--- Source data Enclosed Below ---

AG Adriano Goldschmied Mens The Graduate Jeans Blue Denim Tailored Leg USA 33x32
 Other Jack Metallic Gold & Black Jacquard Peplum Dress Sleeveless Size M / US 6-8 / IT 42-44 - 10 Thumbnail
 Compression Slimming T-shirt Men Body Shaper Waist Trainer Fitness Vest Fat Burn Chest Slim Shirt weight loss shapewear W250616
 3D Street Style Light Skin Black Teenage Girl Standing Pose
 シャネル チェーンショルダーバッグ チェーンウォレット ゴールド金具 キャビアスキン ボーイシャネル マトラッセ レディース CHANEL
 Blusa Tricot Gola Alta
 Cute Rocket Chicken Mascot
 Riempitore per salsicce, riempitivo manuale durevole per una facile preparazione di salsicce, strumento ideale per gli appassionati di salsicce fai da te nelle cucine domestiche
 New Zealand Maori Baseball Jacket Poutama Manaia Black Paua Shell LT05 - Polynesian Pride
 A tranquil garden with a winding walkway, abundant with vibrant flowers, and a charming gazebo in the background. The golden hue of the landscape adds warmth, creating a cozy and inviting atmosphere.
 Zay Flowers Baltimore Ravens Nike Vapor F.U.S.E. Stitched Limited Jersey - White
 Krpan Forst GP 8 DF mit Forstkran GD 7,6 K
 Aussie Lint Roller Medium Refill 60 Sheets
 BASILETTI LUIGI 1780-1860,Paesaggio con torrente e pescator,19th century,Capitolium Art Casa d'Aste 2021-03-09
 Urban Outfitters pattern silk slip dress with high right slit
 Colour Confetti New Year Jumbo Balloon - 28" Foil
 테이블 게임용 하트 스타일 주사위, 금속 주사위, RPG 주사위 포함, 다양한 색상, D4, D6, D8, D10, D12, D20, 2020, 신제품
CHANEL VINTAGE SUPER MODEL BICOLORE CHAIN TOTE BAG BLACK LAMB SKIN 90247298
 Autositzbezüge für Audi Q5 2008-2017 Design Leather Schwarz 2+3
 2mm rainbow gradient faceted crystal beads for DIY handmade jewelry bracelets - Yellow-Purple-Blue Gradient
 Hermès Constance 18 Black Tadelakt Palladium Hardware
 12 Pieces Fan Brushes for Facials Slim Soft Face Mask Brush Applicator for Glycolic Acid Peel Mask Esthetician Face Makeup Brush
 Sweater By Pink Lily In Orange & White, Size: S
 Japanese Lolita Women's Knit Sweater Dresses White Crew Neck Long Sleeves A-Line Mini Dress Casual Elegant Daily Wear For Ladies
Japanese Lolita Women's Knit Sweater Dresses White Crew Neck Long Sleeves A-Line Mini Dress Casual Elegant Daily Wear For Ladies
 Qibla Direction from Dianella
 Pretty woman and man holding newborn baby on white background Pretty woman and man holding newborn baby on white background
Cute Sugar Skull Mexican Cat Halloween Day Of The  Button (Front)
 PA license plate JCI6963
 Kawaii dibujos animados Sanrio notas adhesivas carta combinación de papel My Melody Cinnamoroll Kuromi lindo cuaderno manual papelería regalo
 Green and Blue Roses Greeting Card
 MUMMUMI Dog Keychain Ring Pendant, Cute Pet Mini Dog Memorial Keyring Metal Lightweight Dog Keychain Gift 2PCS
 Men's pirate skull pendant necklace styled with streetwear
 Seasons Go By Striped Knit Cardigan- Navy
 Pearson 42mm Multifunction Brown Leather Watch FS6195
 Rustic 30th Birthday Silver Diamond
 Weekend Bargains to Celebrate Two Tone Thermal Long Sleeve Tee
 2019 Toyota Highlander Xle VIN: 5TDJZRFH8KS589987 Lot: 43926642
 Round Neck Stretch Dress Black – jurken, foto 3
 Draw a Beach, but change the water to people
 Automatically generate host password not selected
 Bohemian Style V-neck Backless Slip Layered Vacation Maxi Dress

--- End of Enclosed Source data ---

### Task brief
Show me each line of the listing above with "Daily" in it.

### Result for this task
 Japanese Lolita Women's Knit Sweater Dresses White Crew Neck Long Sleeves A-Line Mini Dress Casual Elegant Daily Wear For Ladies
Japanese Lolita Women's Knit Sweater Dresses White Crew Neck Long Sleeves A-Line Mini Dress Casual Elegant Daily Wear For Ladies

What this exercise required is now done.